The task
Using the records below, copy exactly the part that opens with the line holding "Kinder Kissenhülle Mountain" and closes with the line holding "Latvia Christmas Quilt", minus the pictures.

Source data
-------
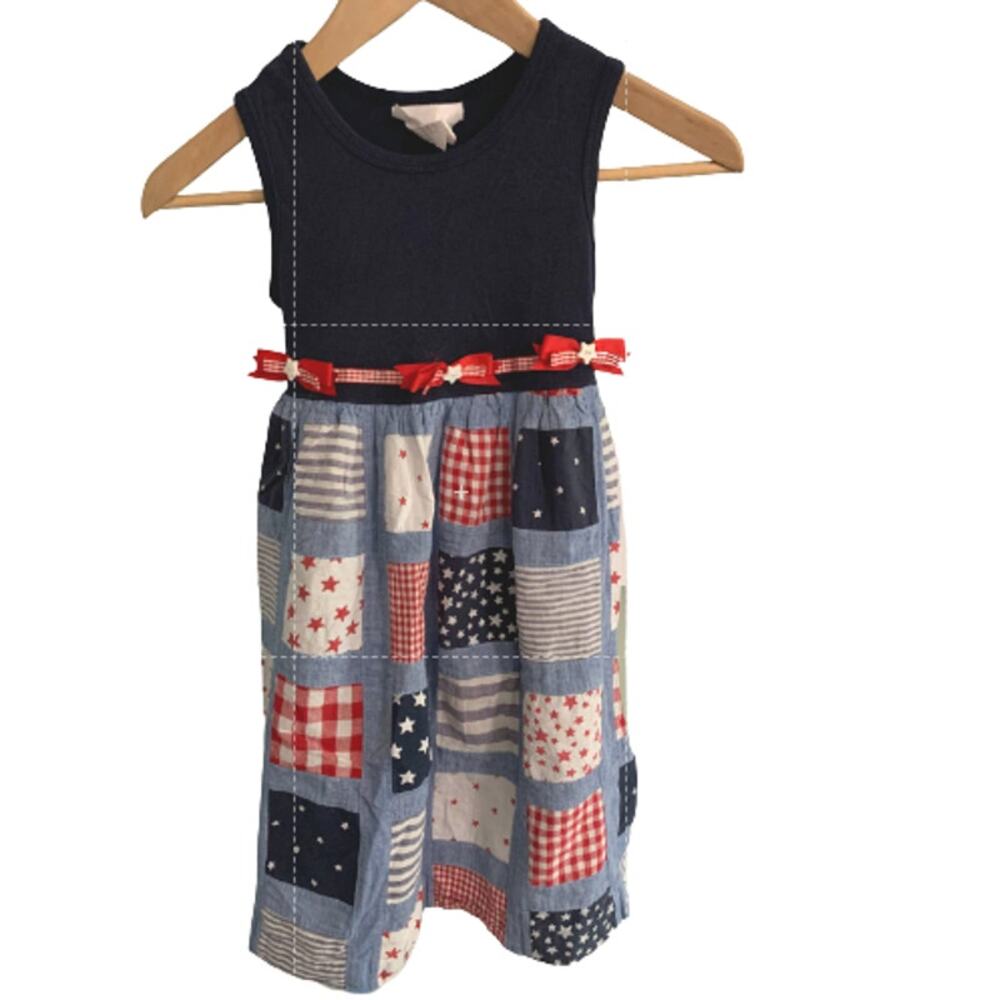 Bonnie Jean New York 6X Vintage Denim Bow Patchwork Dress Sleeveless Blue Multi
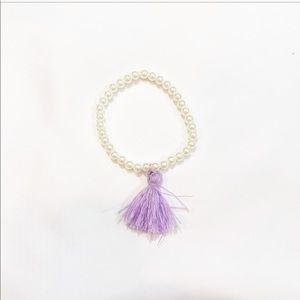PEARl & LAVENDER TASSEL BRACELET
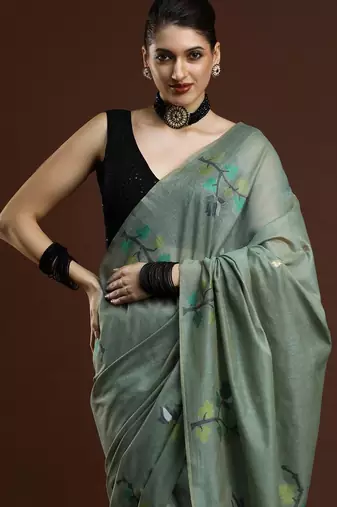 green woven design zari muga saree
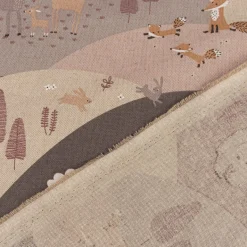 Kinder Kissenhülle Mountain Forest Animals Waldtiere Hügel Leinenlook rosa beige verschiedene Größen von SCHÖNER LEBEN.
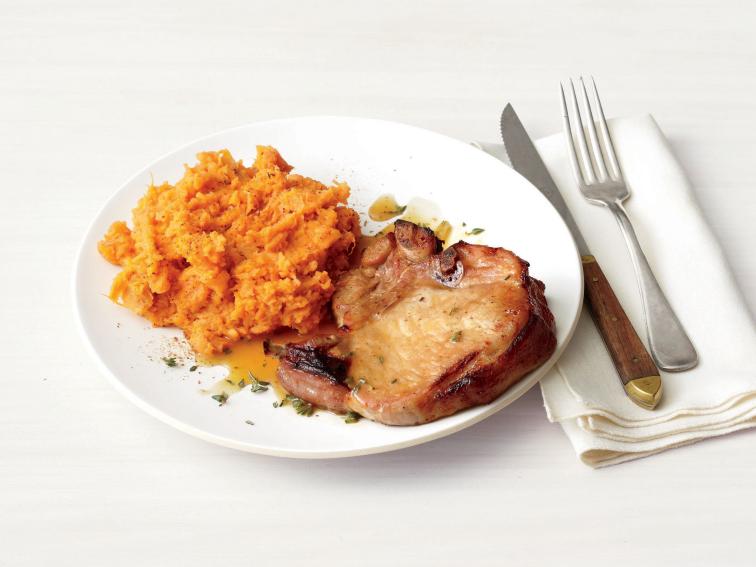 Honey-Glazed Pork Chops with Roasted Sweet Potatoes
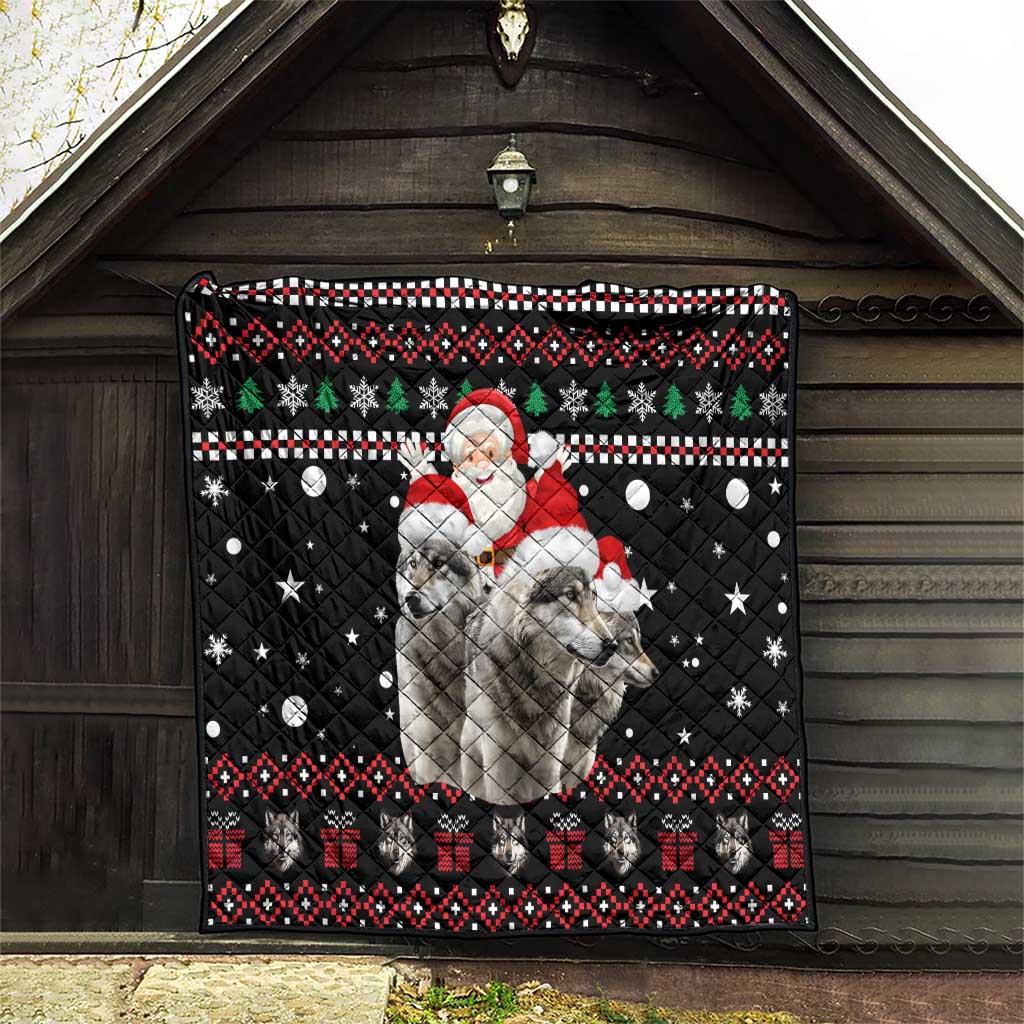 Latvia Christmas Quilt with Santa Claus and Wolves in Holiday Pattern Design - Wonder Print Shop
-------
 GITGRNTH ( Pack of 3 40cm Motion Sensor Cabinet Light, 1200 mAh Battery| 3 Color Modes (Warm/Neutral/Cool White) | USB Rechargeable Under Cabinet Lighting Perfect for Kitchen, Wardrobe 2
-------
Written solution
 Kinder Kissenhülle Mountain Forest Animals Waldtiere Hügel Leinenlook rosa beige verschiedene Größen von SCHÖNER LEBEN.
 Honey-Glazed Pork Chops with Roasted Sweet Potatoes
 Latvia Christmas Quilt with Santa Claus and Wolves in Holiday Pattern Design - Wonder Print Shop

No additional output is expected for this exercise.